**Exercise objective**
In the listing below, find the line with "Rando Franche-Comté : 19" and the line with "Jimmy Iovine Quotes: After". Repeat those two lines and all lines between them exactly.
Start of Provided records
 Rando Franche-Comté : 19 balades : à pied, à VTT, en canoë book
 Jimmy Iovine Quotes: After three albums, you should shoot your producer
End of Provided records
Start of Provided records
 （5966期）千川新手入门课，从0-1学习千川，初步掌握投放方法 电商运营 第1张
End of Provided records
**Solution for this exercise**
 Rando Franche-Comté : 19 balades : à pied, à VTT, en canoë book
 Jimmy Iovine Quotes: After three albums, you should shoot your producer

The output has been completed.